“Sorry, that was a dumb thing to say.”

I just shrug as I look over at her. “Let’s not talk about him.”

“Okay. But fuck that was awkward.”

I glare over at her again; this time, it’s less of a joke.

She successfully steers the conversation away from what just happened, and we go the rest of the appointment without mentioning Sam. When we finish, we’re walked back to the locker room to change out of our robes.

My mind wanders back to Sam and the night we spent together. He looked really good today, and now all I can think about is the feel of his soft lips in my skin. My nipples harden, and I shake the thoughts away.

You’re being stupid, Lou. He doesn’t want you, so stop wanting him.

I try, but I can’t.

Band I are at the club about to meet up with some friends. The music is too loud, just like last time, but I don’t care as much because I don’t plan on taking anyone home. I want to go into 25 with just myself and me.

When we got back from the spa earlier, B and I ordered my favorite takeout and ate while we got ready.

I chose to wear a tight-fitting black dress that is twisted between the breasts to look like a bow with a slit under to expose my sternum. The straps are thin, and the bottom only comes down to my upper thigh. My hair is slicked up into a low bun, and I chose black stilettos to go with the dress.

I have to admit, I look pretty hot.

Our friends arrive, and we all head to the bar to get drinks. B begged me to wear an “it’s my birthday” sash so I could get free drinks, but I refused. So, I will be paying forall my drinks tonight, which is worth not having to wear that damn thing.

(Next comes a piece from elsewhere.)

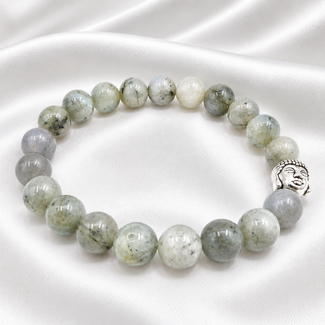PuurSpirits Armband Labradoriet Boeddhahoofd 8 mm Kralen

I order my new regular, which is a Malibu Diet. I’ve learned that the lower alcohol percentage allows me to pace myself better. But that strategy only works if people aren’t buying you shots all night long, which is exactly what our friends are doing.

First, Evie bought me a lemon drop shot, then Liam bought me a tequila shot, and not long after, B bought me a couple shots of fireball. All of this is an absolute recipe for disaster, but you can’t say no when someone buys you a shot on your birthday.

I’m feeling pretty tipsy right now, so I drag B and Iris out to the dance floor. The lights are flashing, and the bass is vibrating the floor. B grabs my hands, and we spin in a circle, singing along to the song that’s playing. I only know half the words, but I’m at that point in the night where I’m really good at making up the other lyrics, or at least I think I am.

The song changes, and it’s the kind of song you want to bend over and shake your ass to, so that’s exactly what we do. My hair is falling out of its bun, so I get rid of it and shake it out. I’m sandwiched in the middle of our grind train, and in this moment, it’s hard to believe that less than a week ago, I tried to give up on it all.

A few songs later, B yells in my ear that she has to go to the bathroom, so Iris and I follow her there. As we’re waiting in line, all I can think about is the last time I was here and how that night ended.

I think about how the last nine months of my life have played out. How many new people I’ve met. The things I’ve done that I have either never done or hadn’t done for a longtime. I’m trying not to think about the bad, so I focus on the good.

I think about my favorite moments. Then Sam pops in my head.

I think about running into him today and how my body reacted to seeing him. It was a tornado of conflicting emotions: anger, excitement, sadness, desire, discomfort, and curiosity. As the line slowly moves forward, he’s all I can think about.

SAM

I’m sitting on my couch watching a documentary about serial killers. I don’t know why I watch this stuff so late at night; I’ll be the first to admit that it gives me the creeps. But my curiosity always gets the best of me, and I can’t stop watching.

I jump when my phone starts ringing. I must have accidentally turned the sound on because it’s usually on vibrate.

After getting that phone call about Jacob, anxiety takes over whenever I get an unexpected call. It draws up all these negative and fearful emotions from deep inside me, where I shoved them down long ago.

But I have been going to therapy, and I’m slowly starting to work through some of the demons that haunt me.

I dig for my phone in the blanket draped over my legs for a while before it falls on the floor. I pick it up, and I’m shocked by the name on the screen.

It’s Lou.

I was really taken aback by seeing her today. I’ve been thinking about her a lot since I saw B at Daniel’s Prideparty, but I always shut down any thoughts of contacting her.

Being that close to her was such a tease. I wanted so badly to hug her and take in her scent that I still have memorized, but not only were we physically separated by a table, time and my actions have separated us emotionally.